Carmia Lureman-Norton is a customer experience professional (CCXP) who works with high-growth businesses to build customer capabilities for scale. She has over 10 years’ experience building customer-centered competencies and operations in some of South Africa’s most successful scale-ups. Carmia developed the CRM programmes, customer support and experience operations for leading brands across diverse industries, including finance and retail. Having experienced first-hand the ability of tech-enabled businesses to rapidly build and grow solutions to societal problems, she’s excited about the opportunities at JUMO to reimagine the delivery of financial services in challenging customer contexts.

Steve Sherma

Steve Shema |  CEO, Exuus, Rwanda

Steve Shema is the founder and CEO of Exuus Ltd. As the CEO of Exuus, Shema coordinated the first ever countrywide survey on saving groups also known as VSLAs (Village Savings and Loan Associations) in Rwanda in partnership with the Central Bank (BNR), the Ministry of Finance and Access to Finance Rwanda.
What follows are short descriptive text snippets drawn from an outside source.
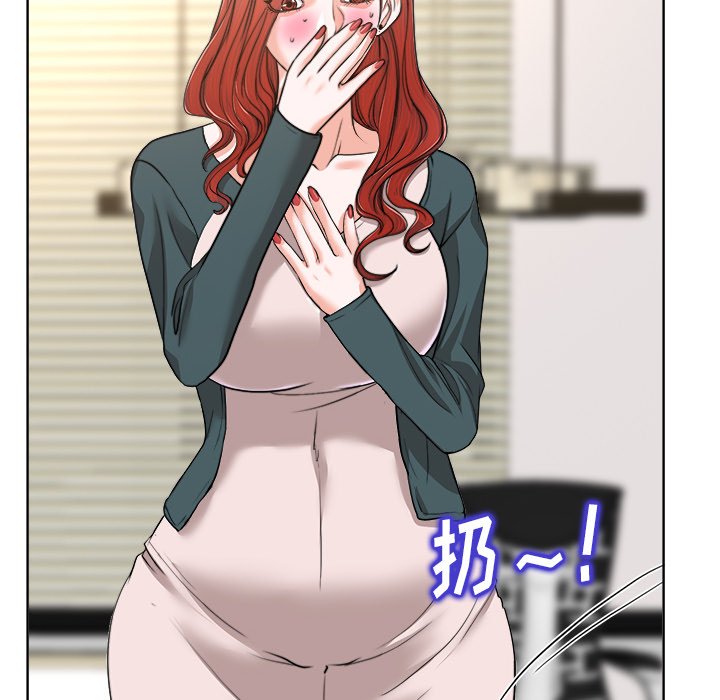 第31话 第 117 页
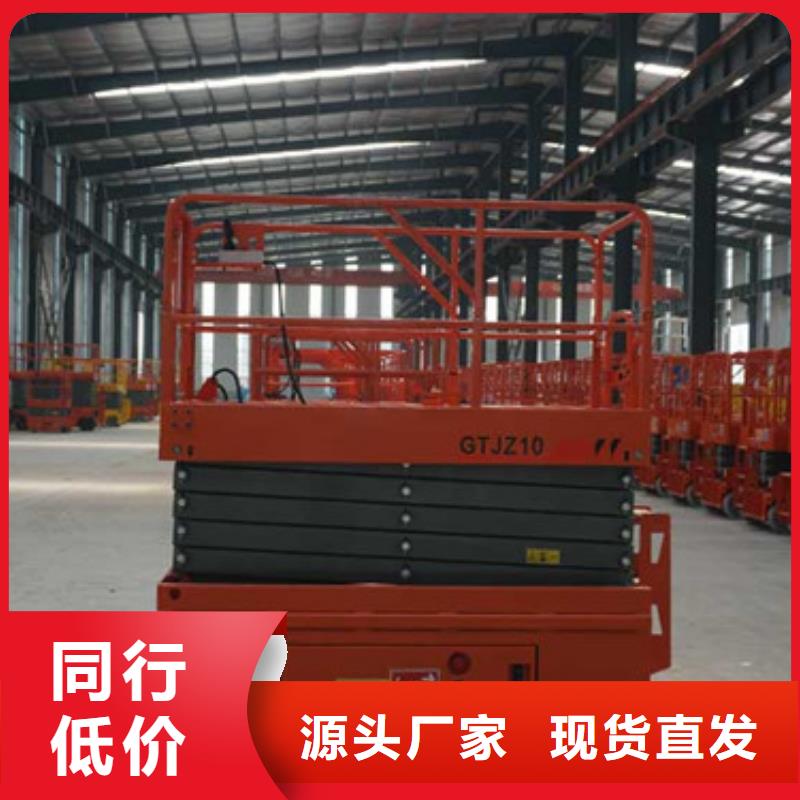 移動(dòng)剪叉式升降機(jī),工業(yè)升降機(jī)定金鎖價(jià)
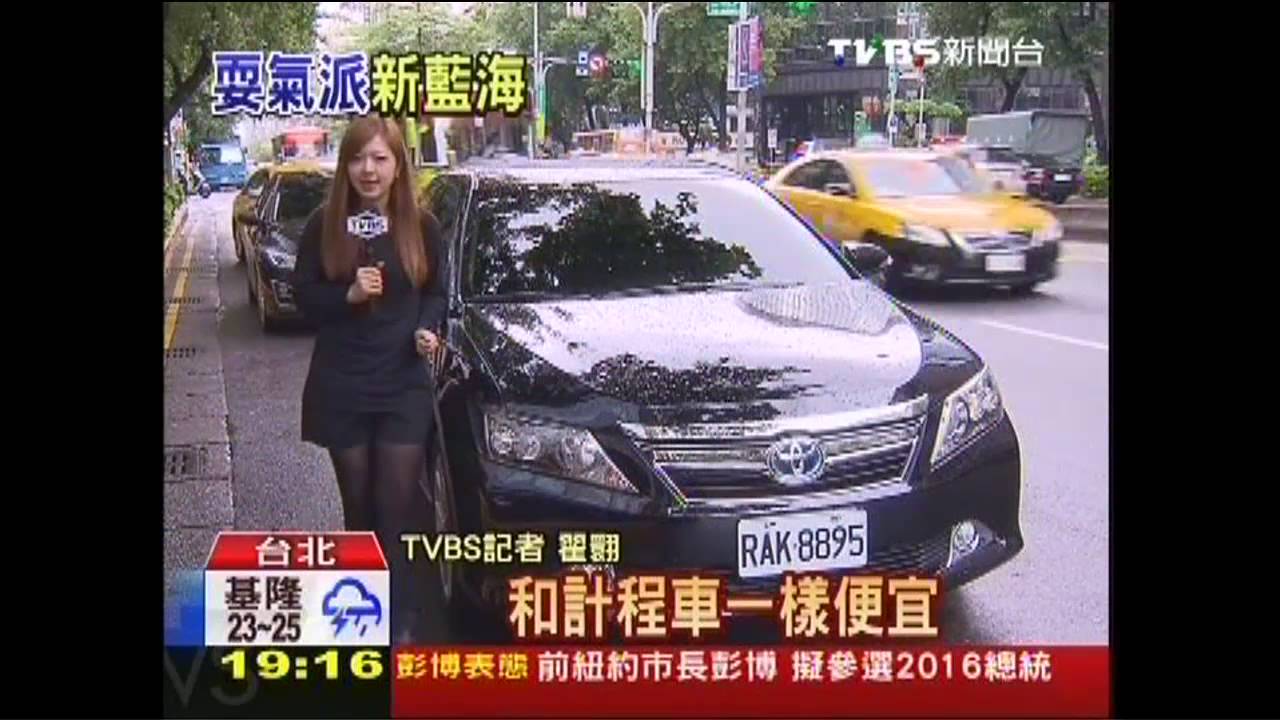 車資軋小黃! 「APP租賃車」平價化搶客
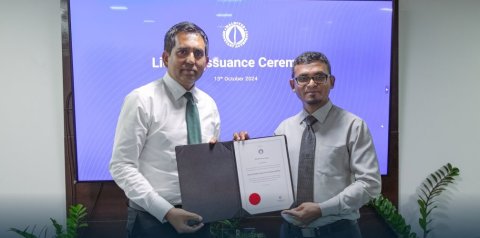 Development bank ah MMA in licence dheefi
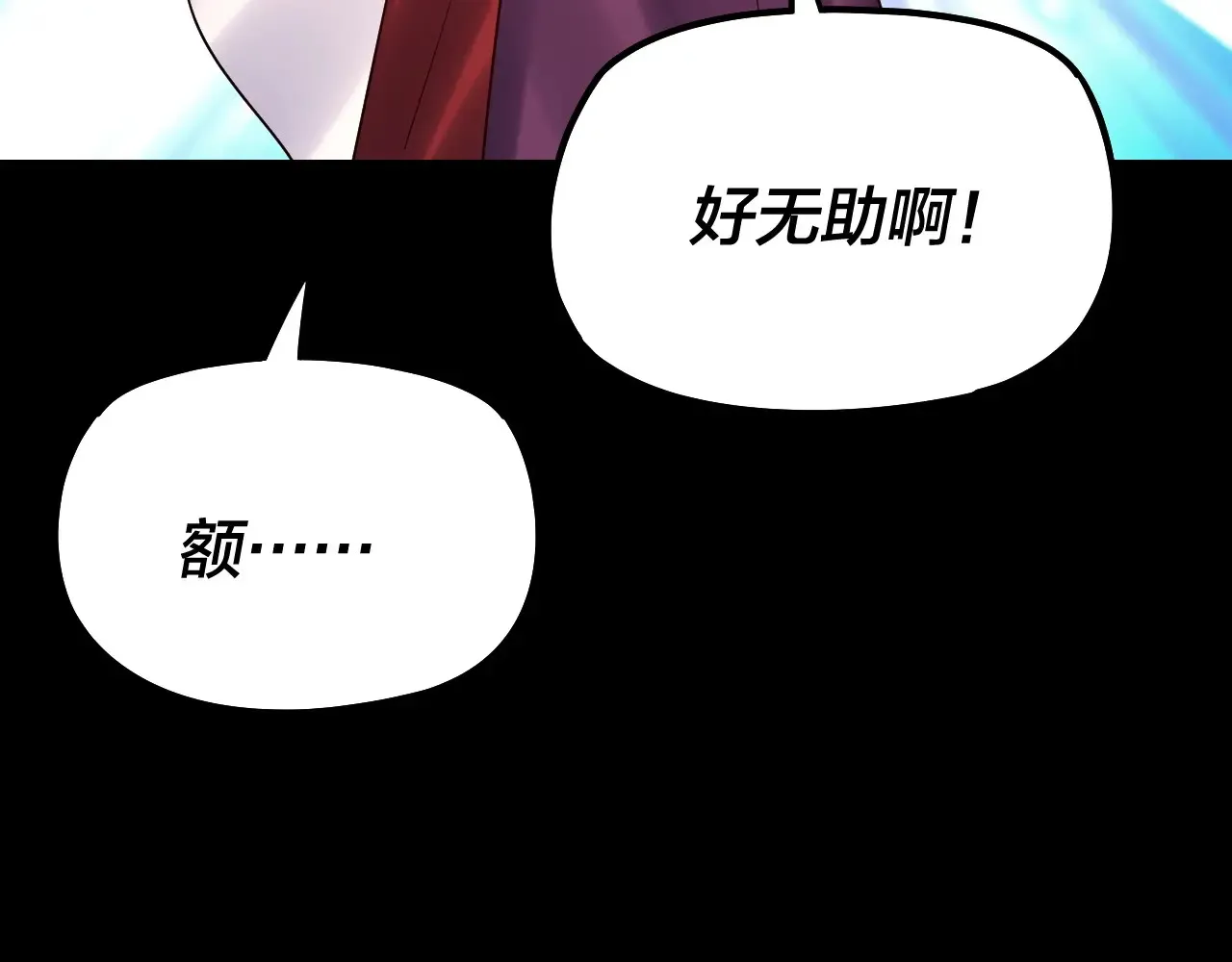 第152话 入套99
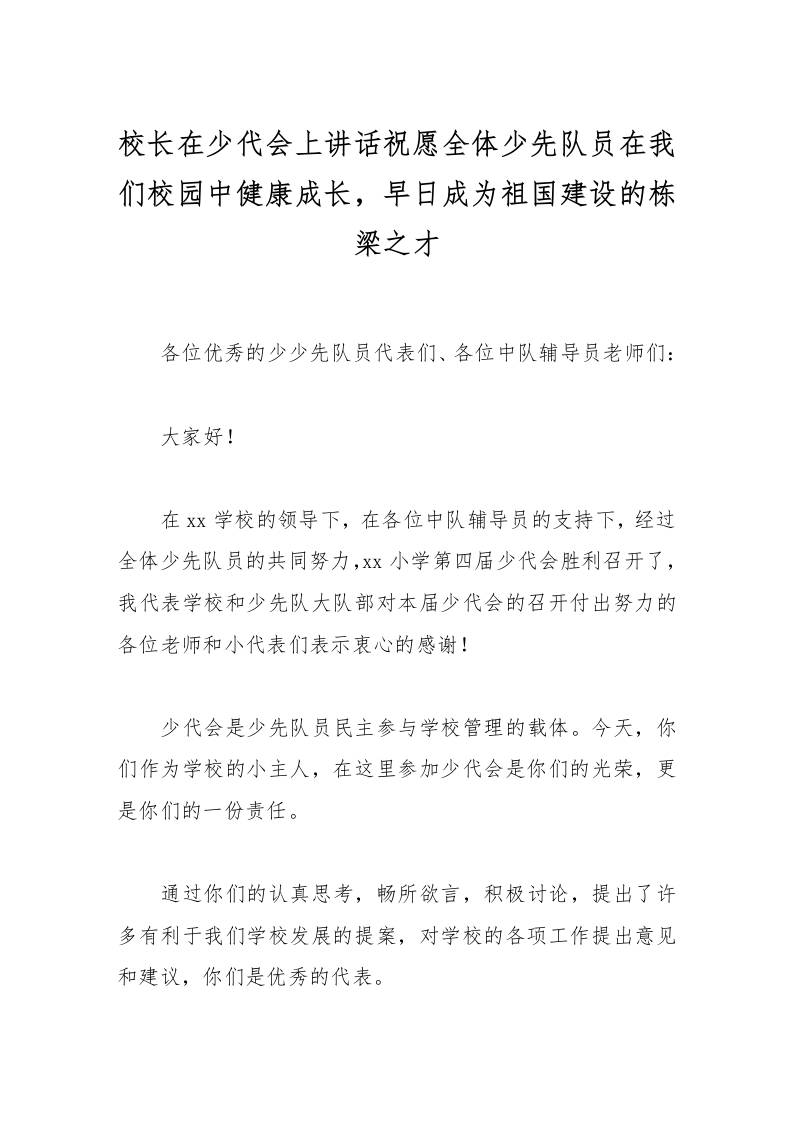 校长在少代会上讲话祝愿全体少先队员在我们校园中健康成长，早日成为祖国建设的栋梁之才-资源基地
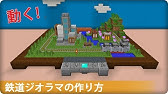 マイクラ Ufoキャッチャーの作り方 プロの裏技建築 Youtube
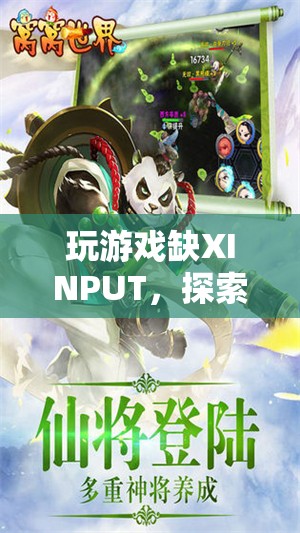 無XINPUT的另類挑戰(zhàn)，探索游戲世界的別樣體驗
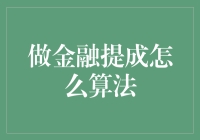 金融提成算法：如何让金钱成为你的宠物？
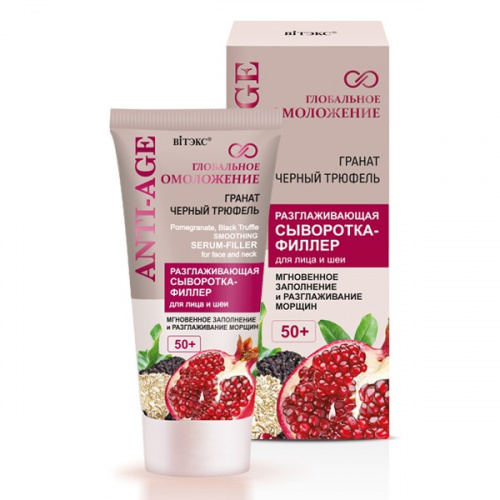 Разглаживающая сыворотка-филлер для лица и шеи Anty-Age Глобальное Омоложение 50+, 30мл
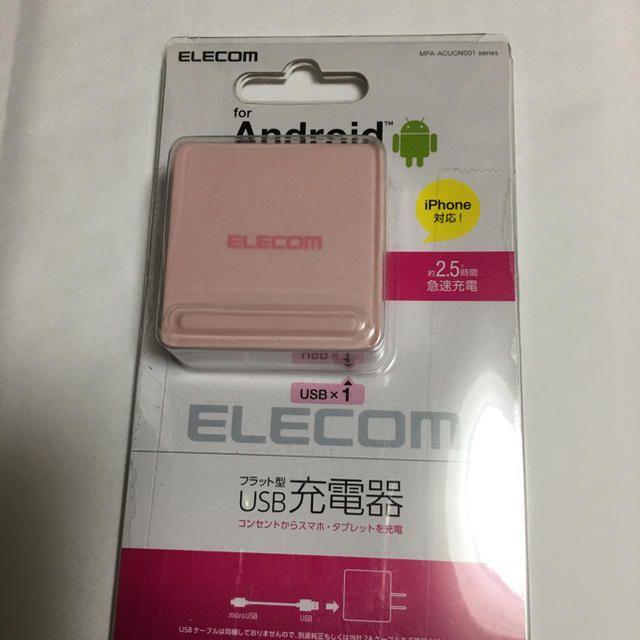 ELECOM(エレコム)のELECOM スマホ・タブレット用 AC充電器 MPA-ACUCN001PN スマホ/家電/カメラのスマートフォン/携帯電話(バッテリー/充電器)の商品写真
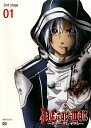 【中古レンタルアップ】 DVD アニメ D.Gray-man 2nd stage ディー・グレイマン 全13巻セット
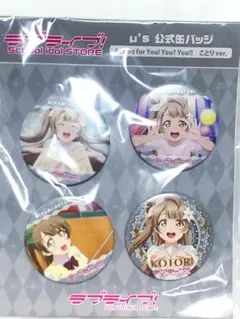 2025年最新】南ことり 缶バッジの人気アイテム - メルカリ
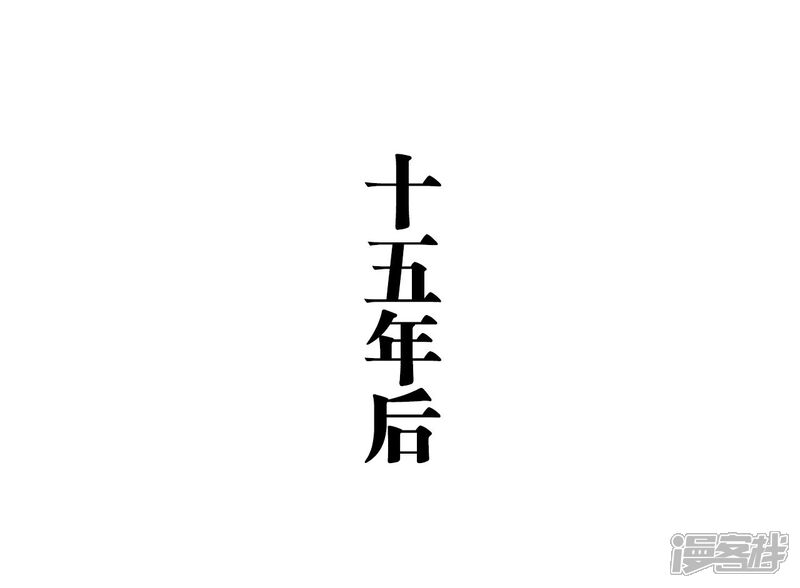 第40话-我的狂野前夫-剧能玩（第2张）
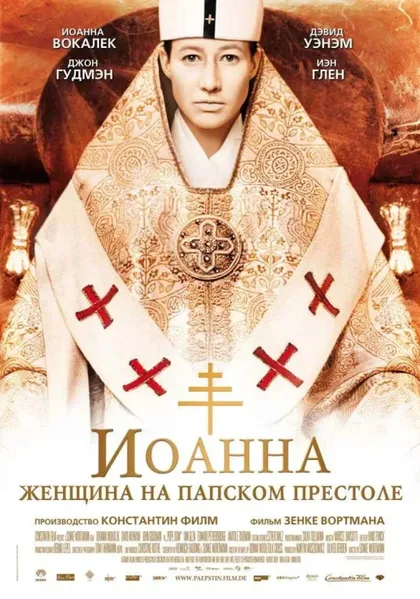 Фильм Иоанна – женщина на папском престоле (2009)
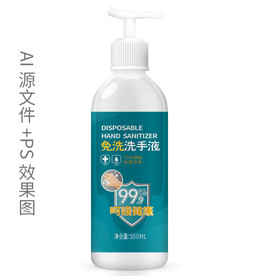 洗手液 免洗 消菌 杀毒 样本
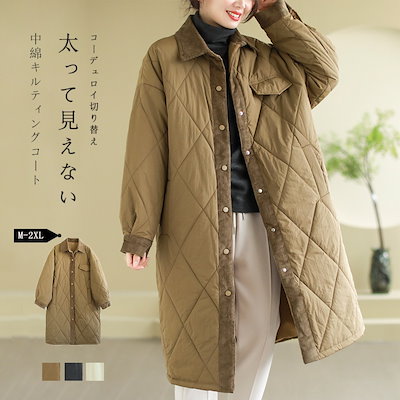 Qoo10] 中綿 キルティングコート レディース 冬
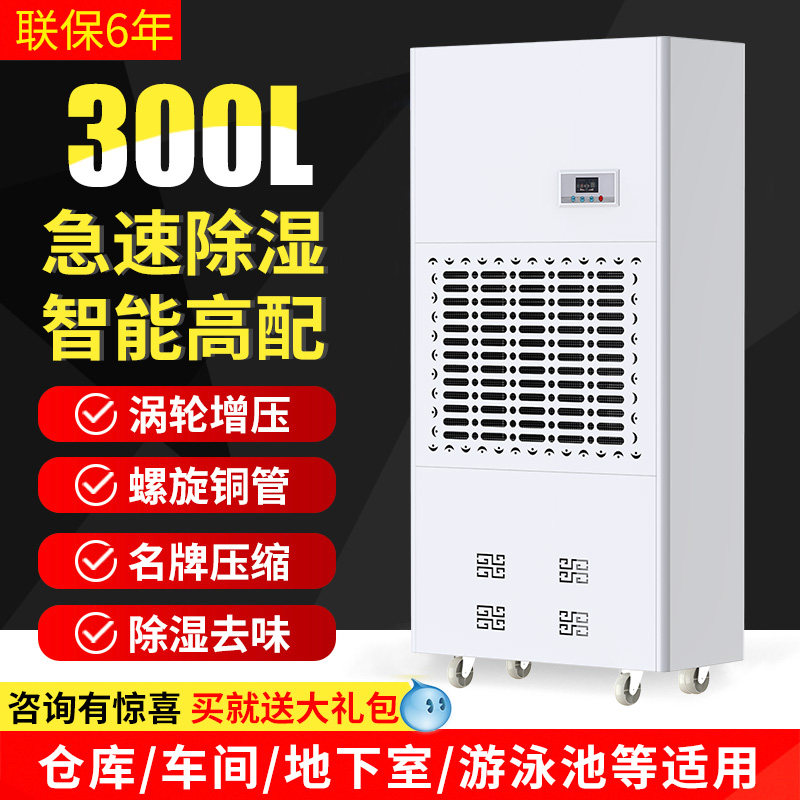 Superc Appliances 300L Industrial Dehumidifier High Power Dehumidifier Warehouse Dehumidifier Basement Moisture Absorber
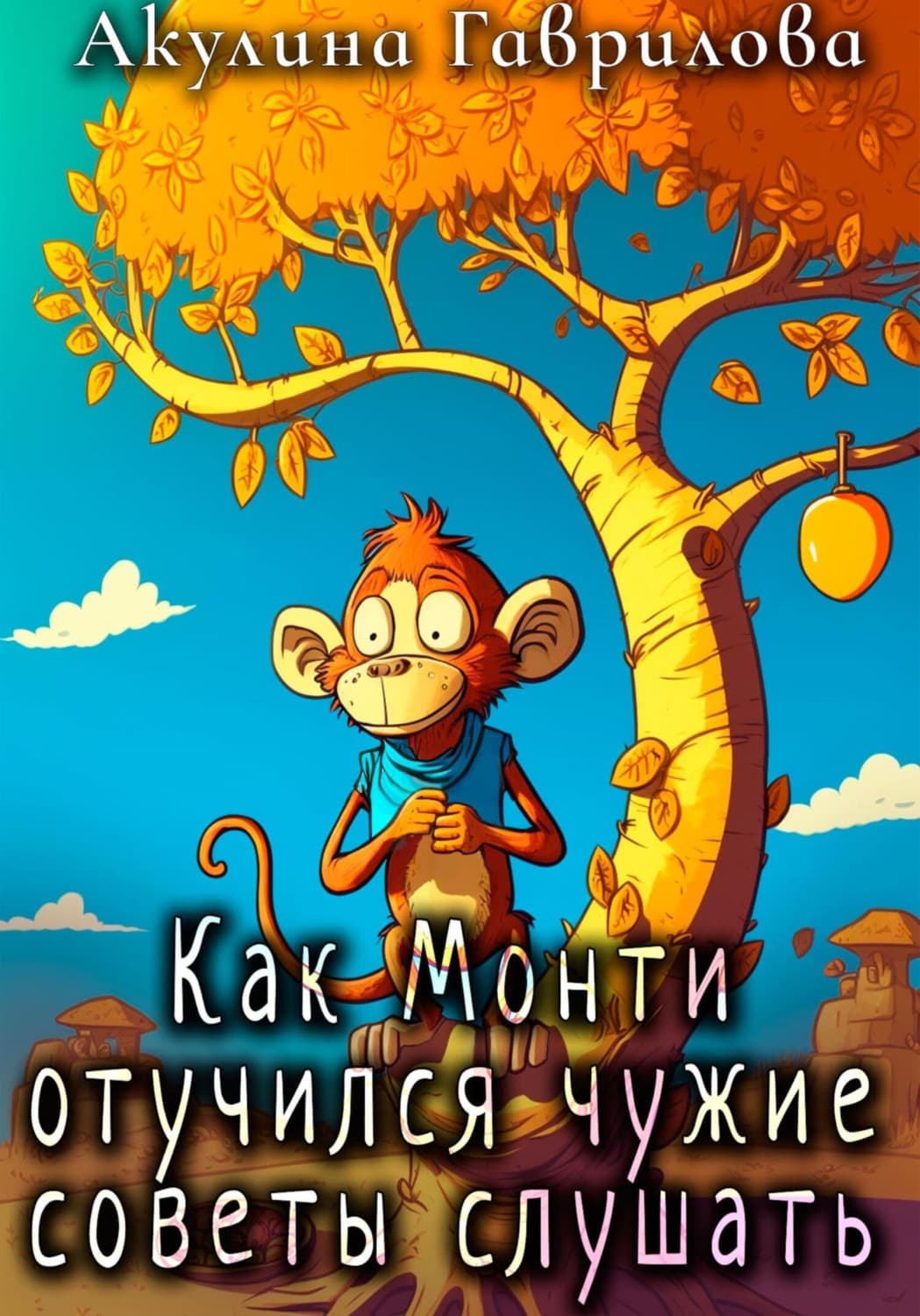Обложка книги «Как Монти отучился чужие советы слушать» — Анна Гаврилова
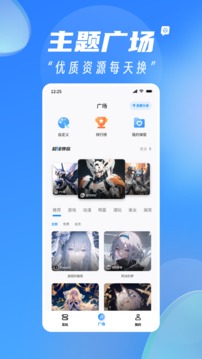 AndPods截圖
The findings of the survey informed the creation of SAVE, a digital platform for saving groups which provides a digital and decentralized ledger to SGs members. SAVE is currently being used by over 35,000 users in Rwanda and averaging more than $10,000 in monthly savings. Currently, Steve is busy working on scaling-up SAVE in Rwanda and beyond with a target to hit 1 million saving groups by 2023 across the sub-Saharan Africa.

Emmanuel Akin-Awokoya

Emmanuel Akin-Awokoya, CEO, InvestXD, Ghana

Emmanuel Akin-Awokoya, the co-founder of InvestXD/Noni, is dedicated to building technology that promotes financial inclusion, Internet accessibility, improved educational opportunities, and economic wealth. Selected as a “Top 50 Innovators” at the 2018 African Innovation Summit, he is a graduate of the MEST Africa accelerator program for tech entrepreneurs and has an extensive background in telecommunications and engineering, including work with MTN Nigeria and Huawei Technology Limited. He is a member of Multinational Internet and Telecommunication organizations such as ICANN, ISOC, IETF, CTO, and IEEE and contributes to the standardization of the Internet. InvestXD won the second edition of the Data4FI Hackathon.